Homard au wasabi, écrasé de pommes de terre au raifort
Ingrédients
- un homard bleu
- pommes de terres à chair ferme
- lait
- huile de noisette
- crème de raifort
- wasabi en poudre
- poivre blanc
- sel
Recette
Commencez par cuire le homard à la vapeur ou à défaut en le pochant, comptez dix minutes, il ne faut pas qu'il soit trop cuit. Une fois cuit, laissez le refroidir en ayant étendu la queue sur une planchette, afin de la maintenir droite, elle sera plus facile à trancher ainsi ensuite.
Cuisez les pommes de terres épluchées, puis malaxez les à chaud avec du lait chaud et de la crème de raifort (J'en avais acheté un tube à l'Atelier des Chefs, j'avoue avoir été déçu par son manque de saveur, une autre fois, je la ferai moi-même, mais le soir en rentrant du boulot, hein?). Ajoutez un peu de beurre. Prévoyez de servir tiède.
Coupez la queue du homard en fins médaillons, procédez de la même façon pour les plus grosses parties des pinces.

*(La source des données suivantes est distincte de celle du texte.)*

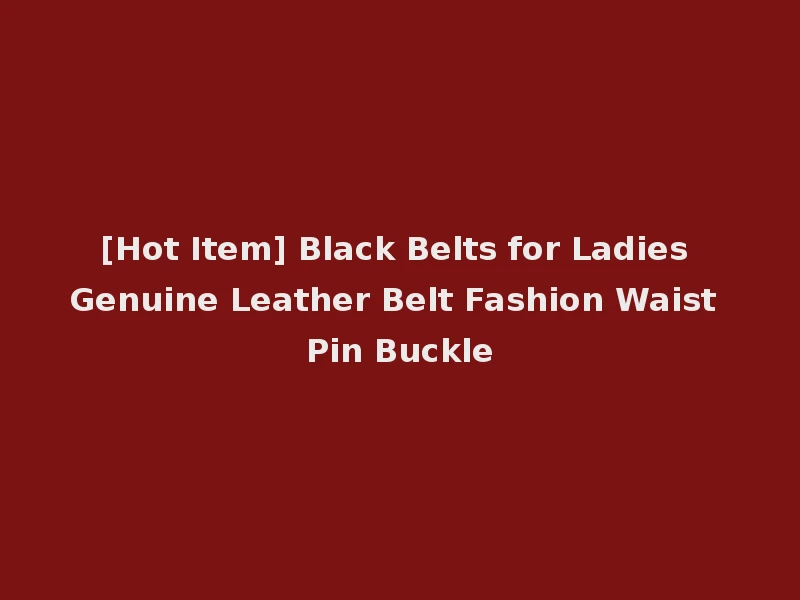 [Hot Item] Black Belts for Ladies Genuine Leather Belt Fashion Waist Pin Buckle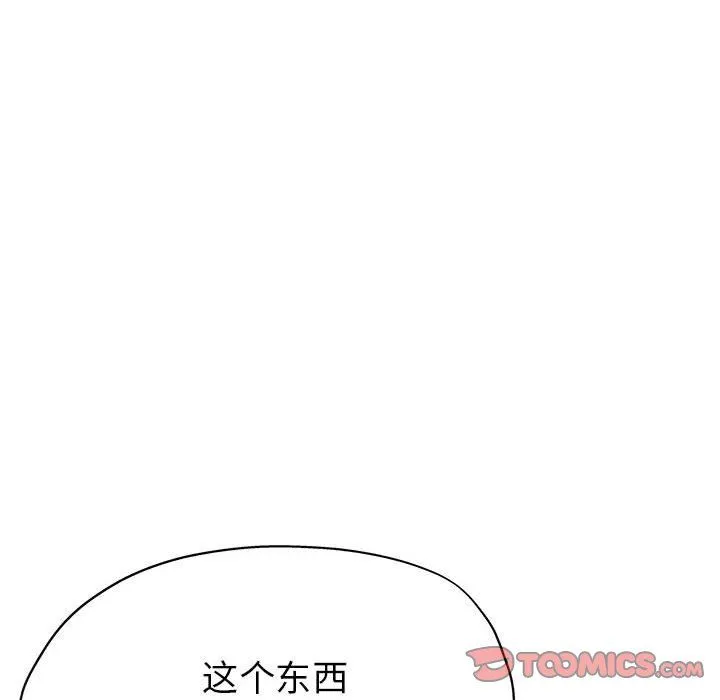 亲家的女人们 - 第22話 - page 93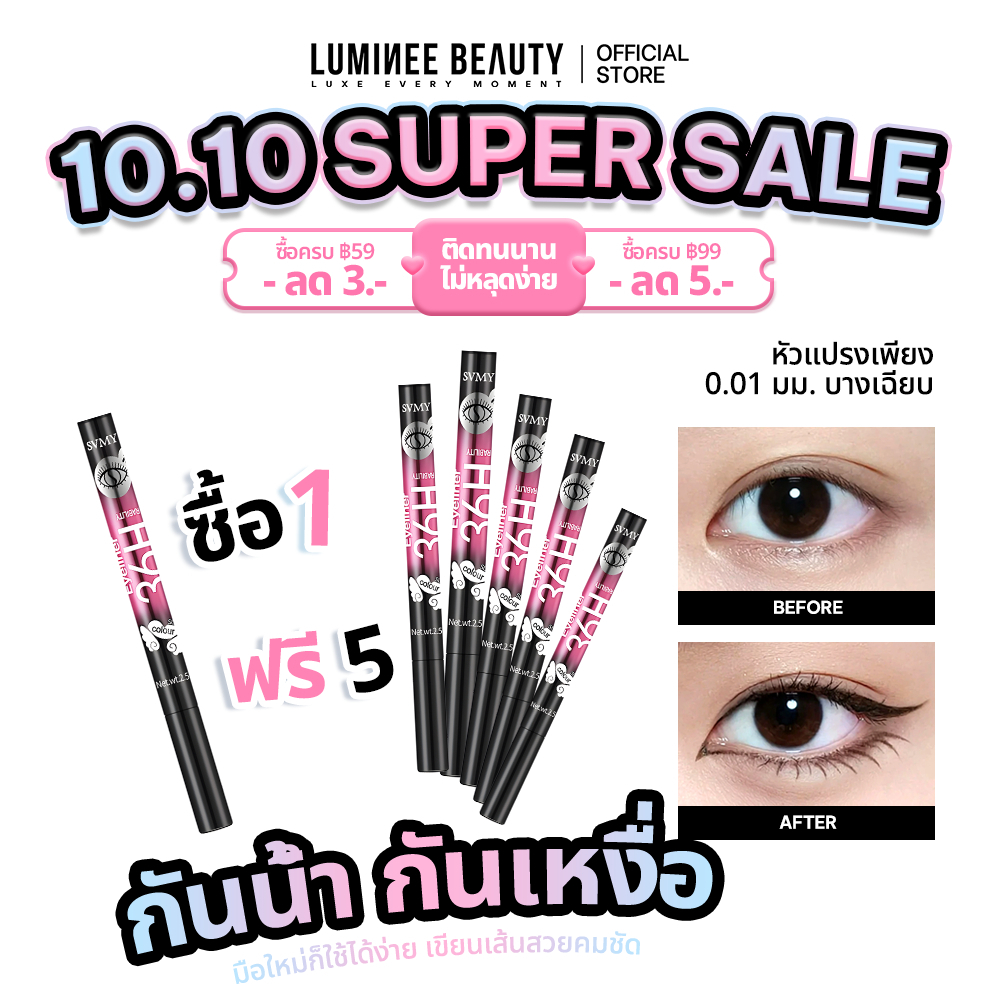 LUMINEE BEAUTY อายไลเนอร์ กันน้ำ กันเหงื่อ เส้นคม เขียนง่าย B129
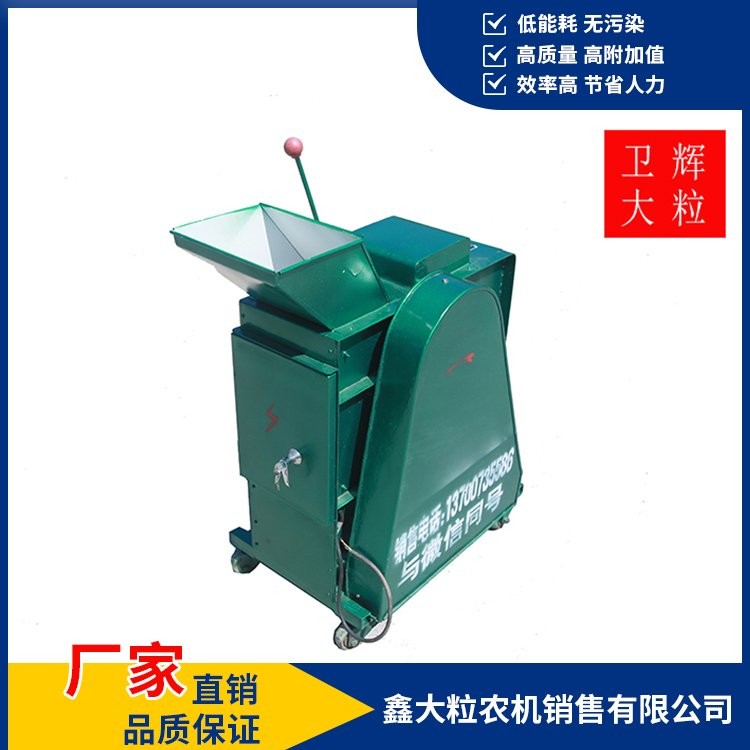 QKT-320A小麦脱粒机 DL-35单株种子机 试田种子 小区播种机图5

Hachez très grossièrement le reste de la chair des pattes, et ajoutez y les chutes, la chair de la tête et celle des petites pattes (facile à extraire en appuyant sur les tronçons avec le dos d'une cuiller, voire d'un rouleau si on a l'âme pâtissière). Ajouter un trait d'huile de noisette et du poivre blanc.
Dressez l'écrasé de pomme de terre dans l'assiette, surmontez le du homard haché, puis disposez les médaillons autour. Arrosez ces derniers d'eau dans laquelle vous avez dilué du wasabi en poudre.
L'assiette est assez dépouillée, mais bon, retour de week-end et pas le temps après le boulot de passer prendre quelque verdure pour agrémenter l'ensemble. Jolie recette au final, qui mériterait une crème de raifort plus corsée, et peut être d'utiliser de l'huile au wasabi plutôt que de l'eau, mais c'est déjà bien bon comme cela!